Work task: Here the job is to repeat the listing exactly, but not the pictures in it.
Start of Block
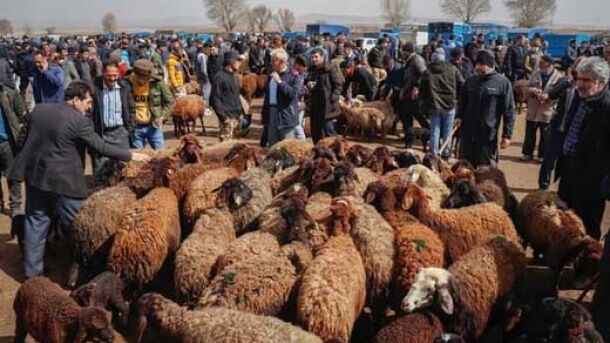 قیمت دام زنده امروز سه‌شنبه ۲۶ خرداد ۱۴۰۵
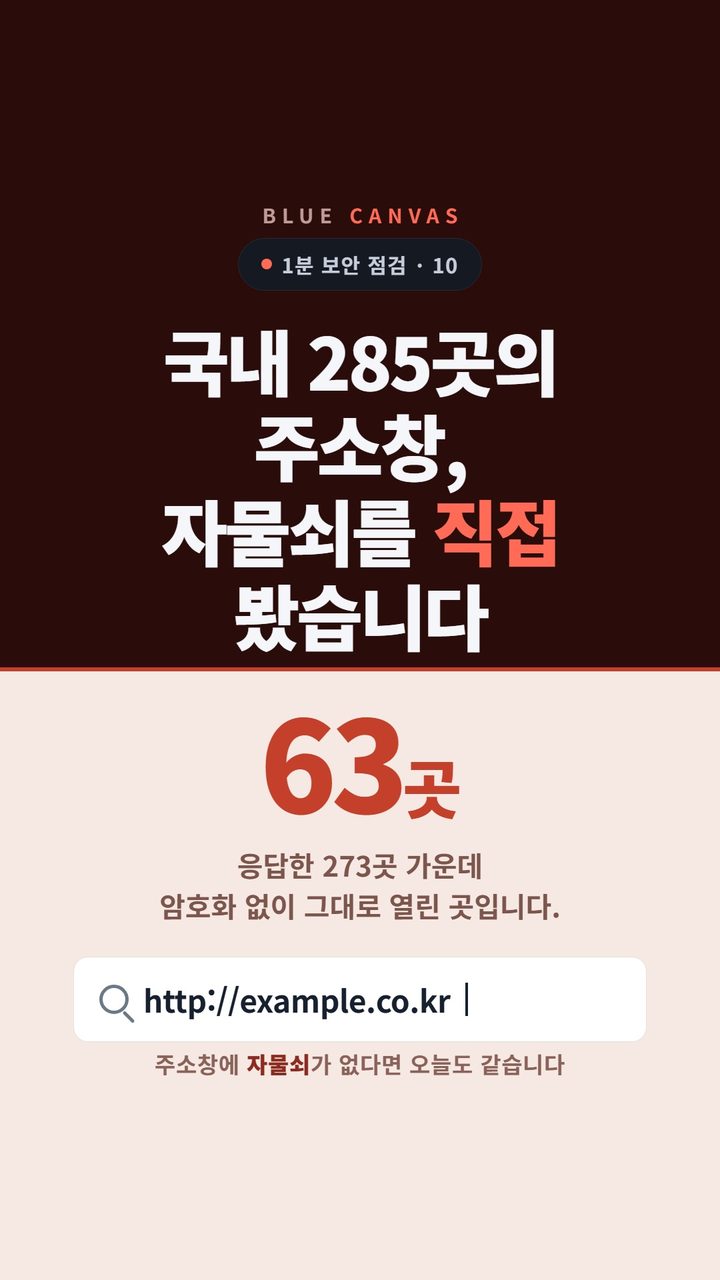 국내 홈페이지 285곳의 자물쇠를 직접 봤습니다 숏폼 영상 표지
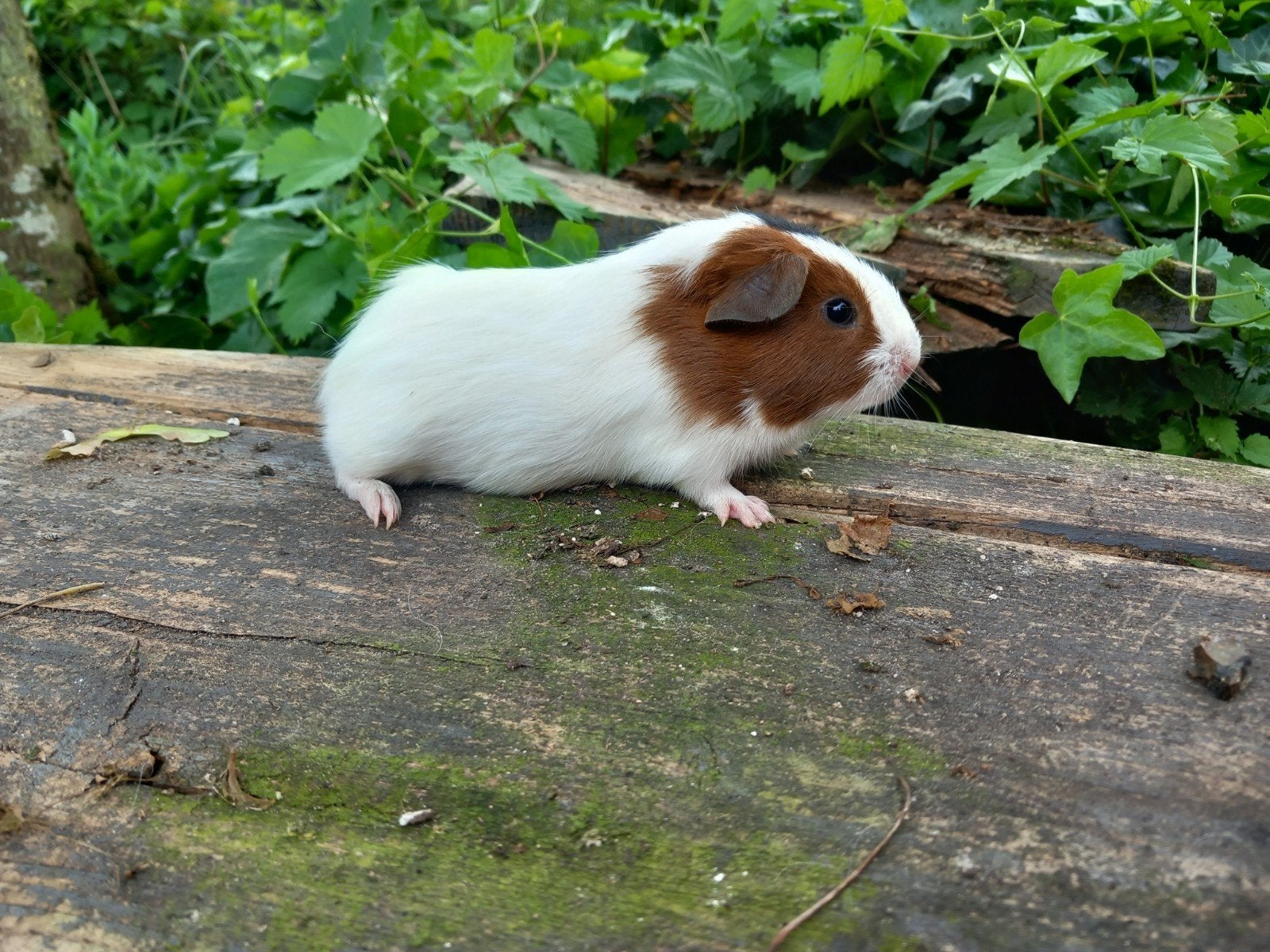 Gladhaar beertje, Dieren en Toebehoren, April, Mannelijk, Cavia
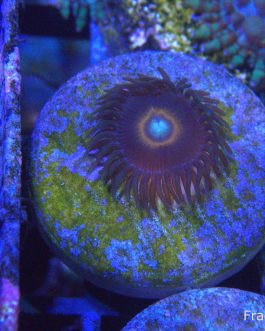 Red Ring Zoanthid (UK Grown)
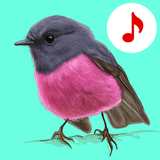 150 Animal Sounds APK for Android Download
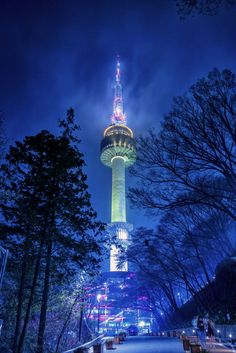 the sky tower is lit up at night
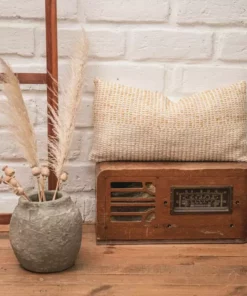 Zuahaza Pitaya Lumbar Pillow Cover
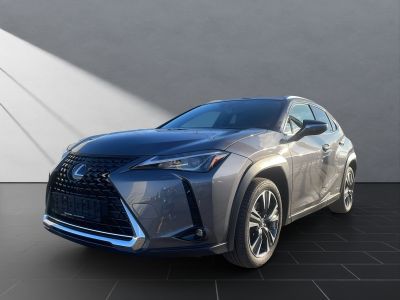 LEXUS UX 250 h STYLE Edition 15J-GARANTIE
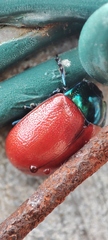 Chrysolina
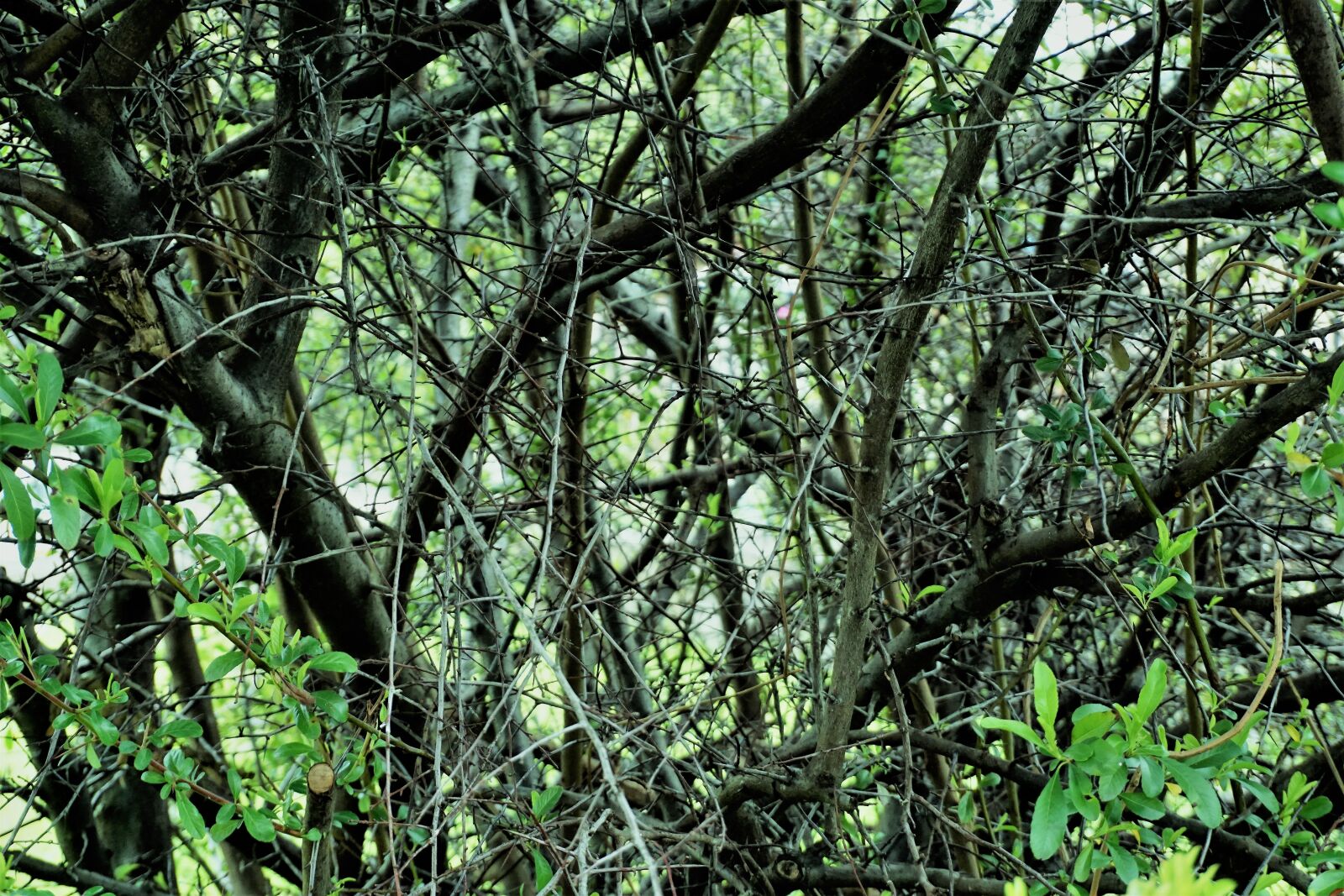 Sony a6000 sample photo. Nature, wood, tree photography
End of Block
Response to this exercise:
 قیمت دام زنده امروز سه‌شنبه ۲۶ خرداد ۱۴۰۵
 국내 홈페이지 285곳의 자물쇠를 직접 봤습니다 숏폼 영상 표지
 Gladhaar beertje, Dieren en Toebehoren, April, Mannelijk, Cavia
 Red Ring Zoanthid (UK Grown)
 150 Animal Sounds APK for Android Download
 the sky tower is lit up at night
 Zuahaza Pitaya Lumbar Pillow Cover
 LEXUS UX 250 h STYLE Edition 15J-GARANTIE
 Chrysolina
 Sony a6000 sample photo. Nature, wood, tree photography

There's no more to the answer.